The flight to New Orleans (locals pronounce it Nawlins and they cast the hoodoo curse on anyone who pronounce it New Orleens) was packed full, three seats taken by my co-workers. They were older than I was, with families and kids. Despite the gap I had become good friends with two of them. Jaime, a brick of a Hispanic, was quick with the jokes and had no qualms about sharing his opinion of his wife who he always seemed to be on the outs with. Paul was a heavy guy that reminded me of a Labrador on downers – always happy, friendly and social but as mellow as they come. Ron, our boss, was also with us but he was always a bit of a dick.

When Shit Went South

It wasn’t until the end of the flight, when the plane was over New Orleans that shit went south.

Earlier in the flight we’d hit a patch of turbulence. It wasn’t the theme park fun-ride bumpity-bump kind of turbulence, either. We received a solid minute of “I’m going to shake the living shit out of you” white knuckle kind of turbulence. Drops and pitches that sent my stomach into my throat and my heart to my legs.

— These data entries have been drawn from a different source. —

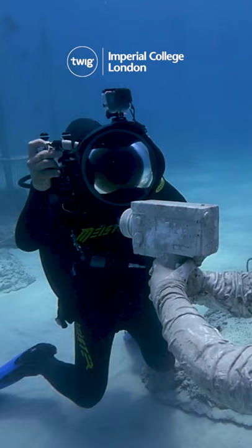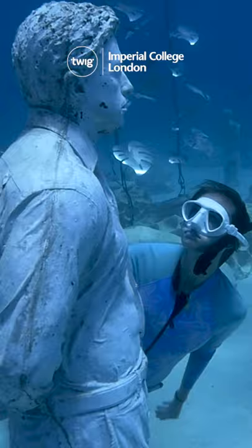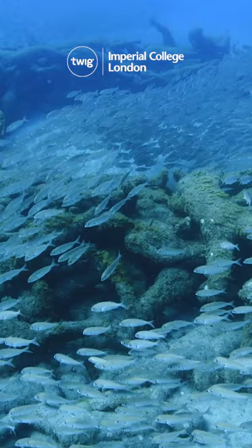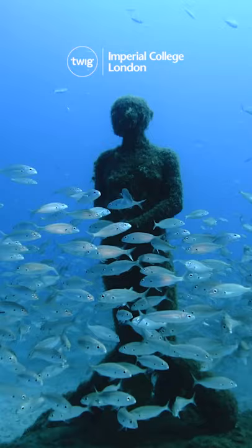The sunken forests will be accessible to divers and snorkelers, and also provide foundations for new marine habitats to develop around the artificial structures. The park aims to use the art to explore the relationship between humans and nature and encourage visitors to better look after our world.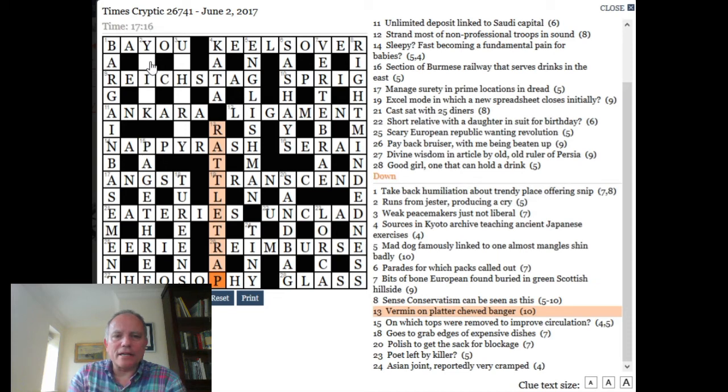Now we've got two remaining. The reason I left these words unsolved was because I think all of the other words that were in the grid before we began were words that most people could be expected to know at some level. Maybe Reichstag at 9 across and Ankara at 11 across require some general knowledge, but not quite as much as some of these that we've been tackling.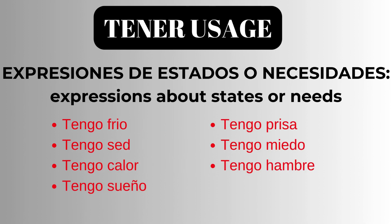Tener is also used for expressions about states or needs. Tengo frío — I am cold. Tengo sed — I am thirsty. Tengo calor — I am hot. Tengo sueño — I am sleepy. Tengo prisa — I am in a hurry. Tengo miedo — I am scared. Tengo hambre — I am hungry.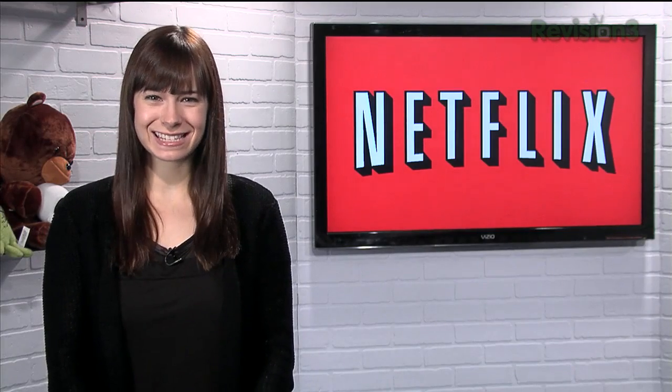Today's TechZilla Daily is brought to you by Netflix. Welcome to TechZilla Daily, I'm Veronica Belmont.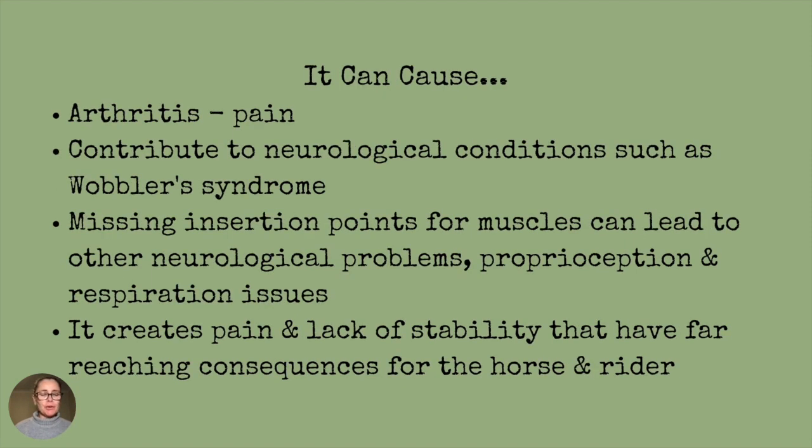It can cause arthritis and therefore pain. It can contribute to neurological conditions such as Wobbler's Syndrome. The missing insertion points for muscles can lead to other neurological problems, proprioception, and respiratory issues. It creates pain and a lack of stability with far-reaching consequences for both the horse and safety issues for the rider.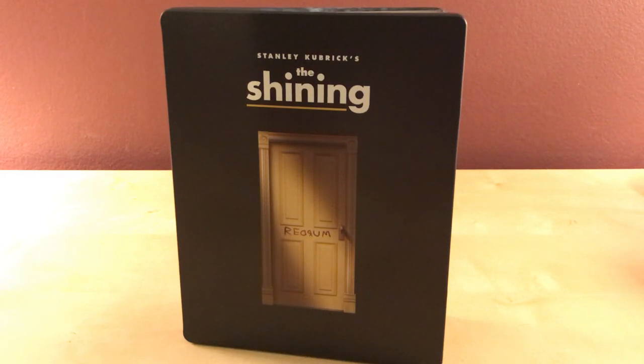Thanks for watching, guys. I'll see you later for more Steelbooks and horror — all kinds of horror things going on this month in October. Thanks for watching, and I'll see you later. Bye.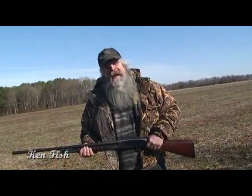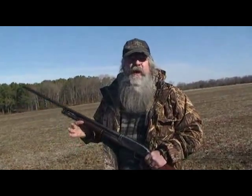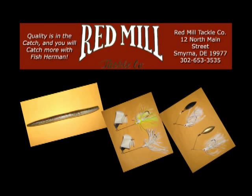Ken Fisherman Reynolds here, and although it's hunting season on Delmarva, Red Mill Tackle has bagged some great new products for the upcoming year — new and additional colors on our Wacky sticks, buzzbaits, spinnerbaits, terminal tackle, and even a great line of topwater frogs.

Anxiety levels were through the roof up and down the aisles but the turbulence passed and we were, at that point, fine. Everyone calmed down, and we continued towards the Louis Armstorng New Orleans International Airport all cool-like.

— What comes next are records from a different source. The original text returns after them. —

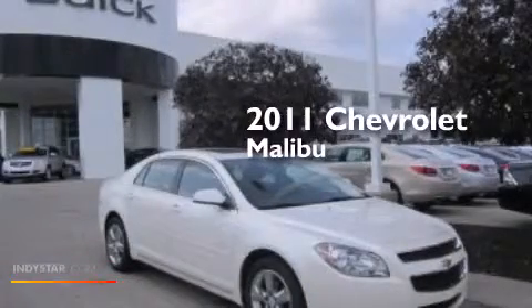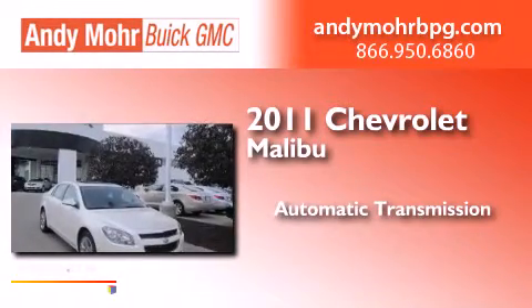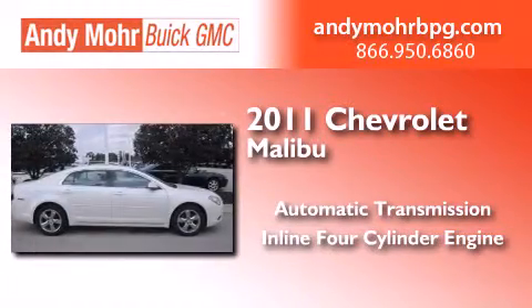This is a 2011 Chevrolet Malibu. This car has an automatic transmission and an inline four-cylinder engine.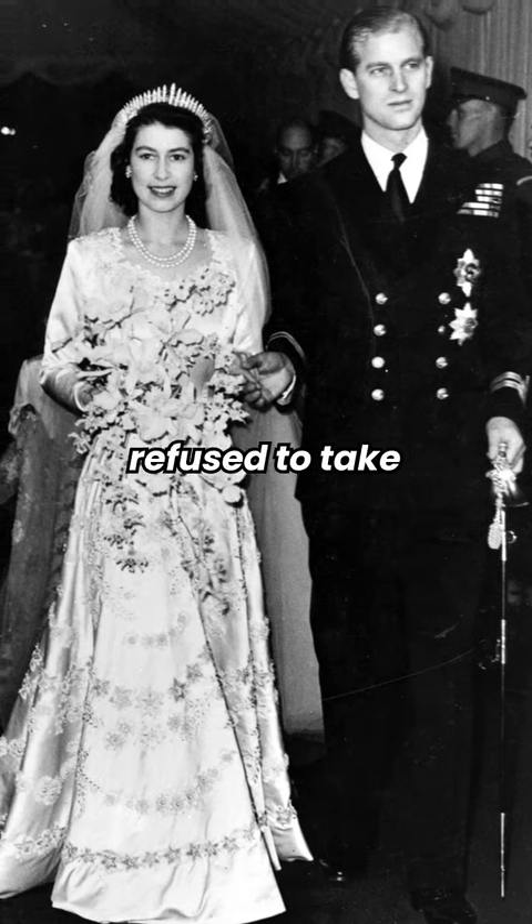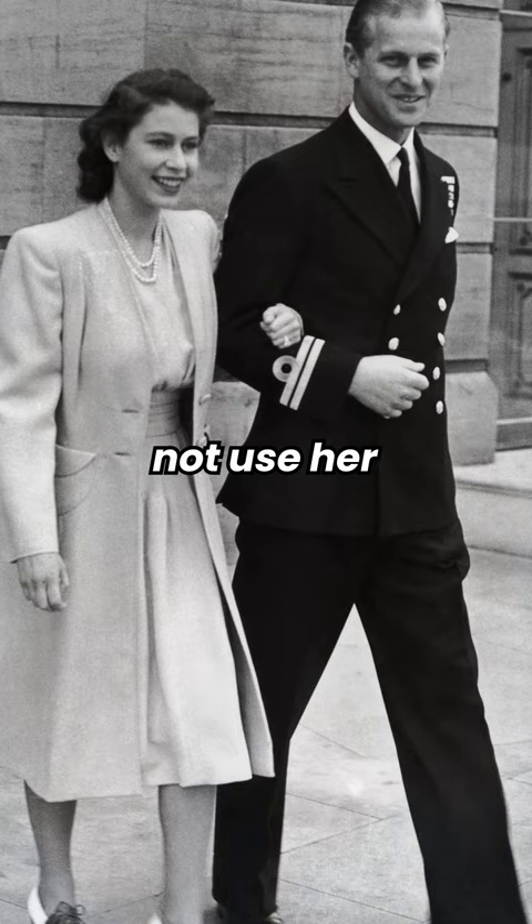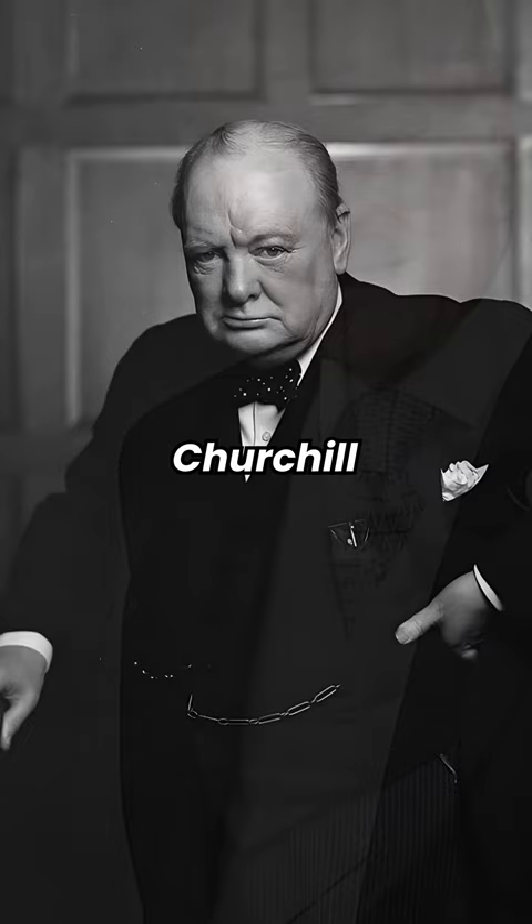Why did Queen Elizabeth refuse to take Prince Philip's last name after marriage? Normally, brides adopt their spouse's last name after marriage, but everyone was surprised when Queen Elizabeth made the bold decision not to use her husband's last name. Even Prince Philip was irritated with the Queen's decision, but Winston Churchill was totally against it. He advised Queen Elizabeth not to use Prince Philip's last name, as she was representing the whole United Kingdom and it was important for her to maintain her own name and identity.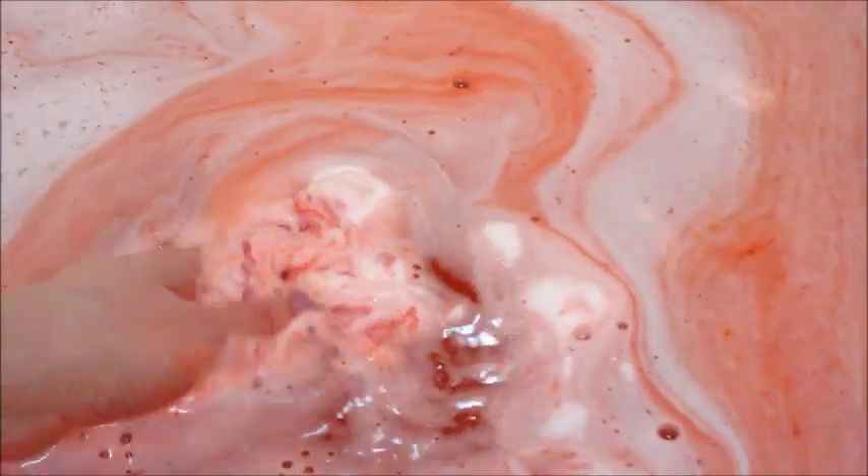I went ahead and broke it free — look how bright red that water is! Talk about Hawaiian Punch red, that is very bright.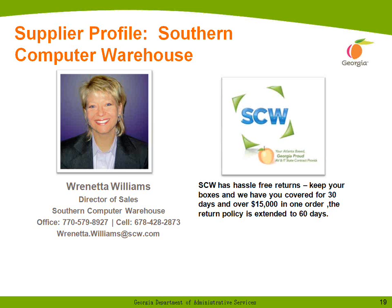On larger purchases over $15,000 in one order, the return policy is extended to 60 days, and the clock starts ticking once all ordered components have reached the ship-to address. The main thing to know is that SCW is here to help you navigate the contract, facilitate purchases at a great price, and keep your tax dollars at home. We're happy to be your Atlanta-based and Georgia-proud IT and AV state contract provider.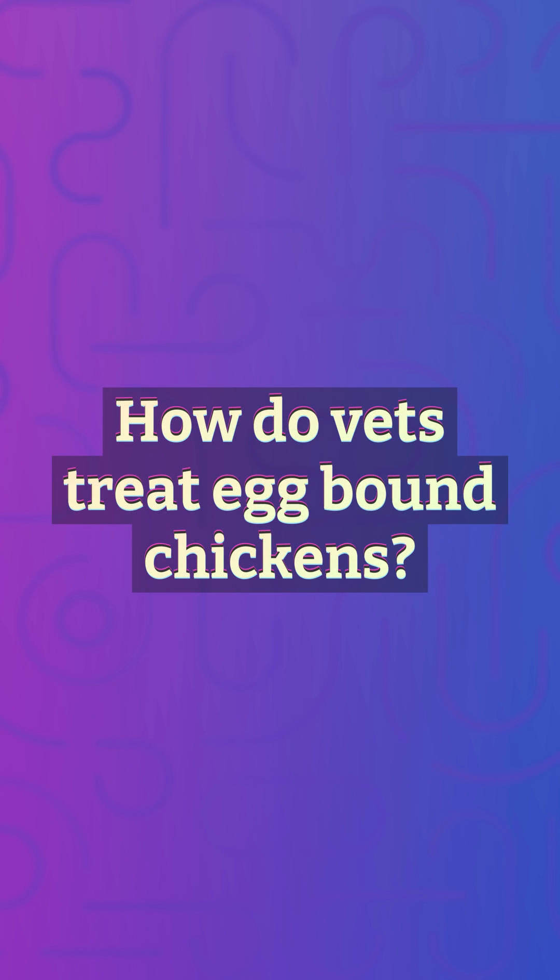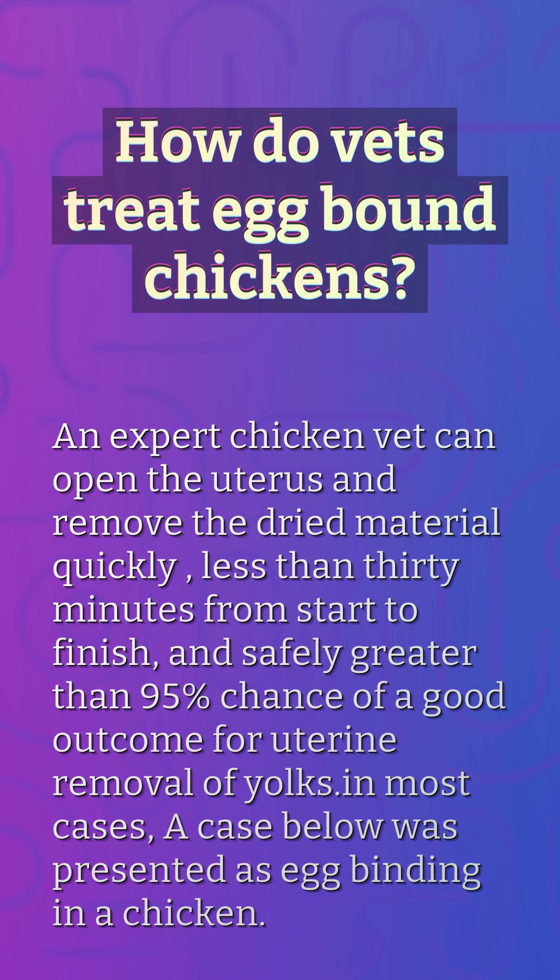How do vets treat egg-bound chickens? An expert chicken vet can open the uterus and remove the dried material quickly — less than 30 minutes from start to finish — and safely, with greater than a 95% chance of a good outcome for uterine removal of yolks. In most cases, a case below was presented as egg-binding in a chicken.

Now, I don’t know if the turbulence was the cause of the malfunction but something, somewhere, broke.

The Captain Has Issues

“Folks, this is your captain,” said the tinny voice. “We, uh, we’ve been in a holding pattern over New Orleans, circling, for a while now. We’re having some issues with the landing gear.”

Jaime and I turned to look at each other. His round eyes, partially opened mouth, and tilted head said it all. “I hear that bad shit but there is a positive, right? There better be a positive.” The other passengers echoed him with their own gasps and murmurs.

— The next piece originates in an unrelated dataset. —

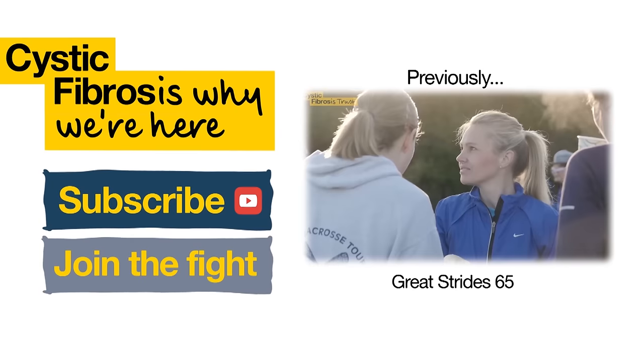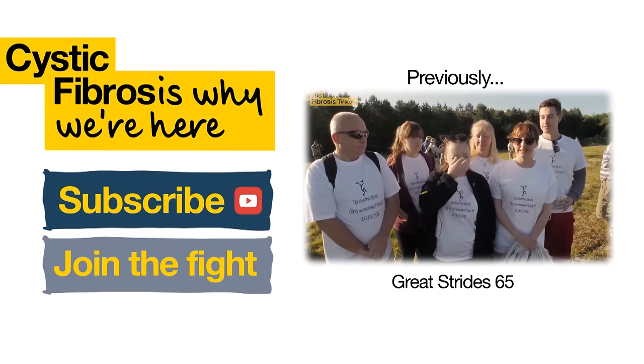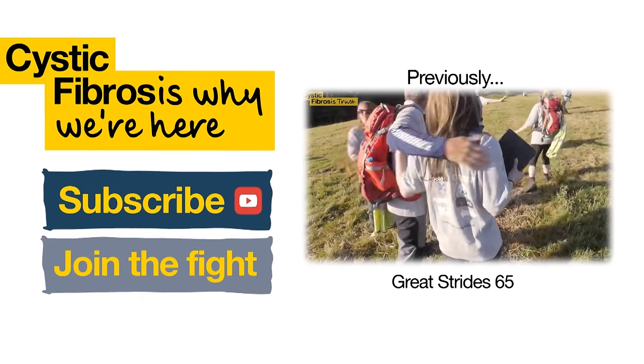Well, ultimately we want a cure. I'm Keira, I have CF. I think the t-shirts say it all.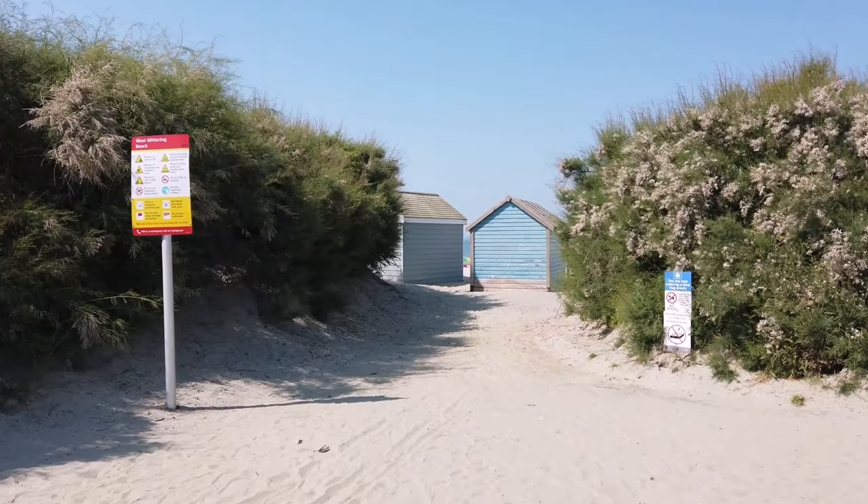Hello guys, Donald from Sussex here, welcome back to the video. Today we've come down to West Wittering Beach — it's one of the nicest beaches in the UK. Lovely sandy beaches, clear water, lots of beach huts. It's a beautiful day so I'm going to show you around, give you a nice little tour. Might go for a swim, chill out — should be really good. Let's go!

The captain continued. “We’re going to continue to circle and consume as much fuel as possible. Right now, I’d like the flight attendants to begin preparing the cabin and passengers for an emergency landing.”

He said some other stuff but a that moment I couldn’t hear him. We had no landing gear and there wasn’t a positive.

Now’s A Good Time To Pray

The sound that finally reached me was the collective noise of the other passengers. Prayers, gasps, sobbing, questions being hollered at flight attendants and at no one.

It was a chaotic energy. People wanted to run from the danger but there was no exit. No way out. We were in it for the whole ride.

The Boy Scout Guide To In-Flight Panic

I looked around. I couldn’t see Ron or Paul. In truth, I was numb. I didn’t know what to think or what to feel. Panic didn’t seem to be the logical course of action so I did what any good Boy Scout would do. I pulled the emergency information card from the seat pocket in front of me, opened it, and stared at the pictures.

The row in front of me was the side emergency exit. A flight attendant was there explaining to the person sitting by the door what his role was once we had crashed. She asked if he was up to the responsibility. He said he was. Across the aisle, the person at that exit asked to be moved. Jaime, next to me, was asked to move to that exit seat.

A flight attendant passed down the aisle repeating instructions. “Please close your window shades. If you’re wearing eyeglasses, please remove them. Remove any pens from your shirt pocket. If you’re wearing a neck tie, remove that, too.”

No point surviving a crash in order to have a pen rammed down your throat, right?

Bend Over And try To Relax

The captain spoke. “Folks, we’re going to try a sharp pass at the runway. We’re going to pull up hard to try and dislodge the landing gear. Flight attendants to your stations.”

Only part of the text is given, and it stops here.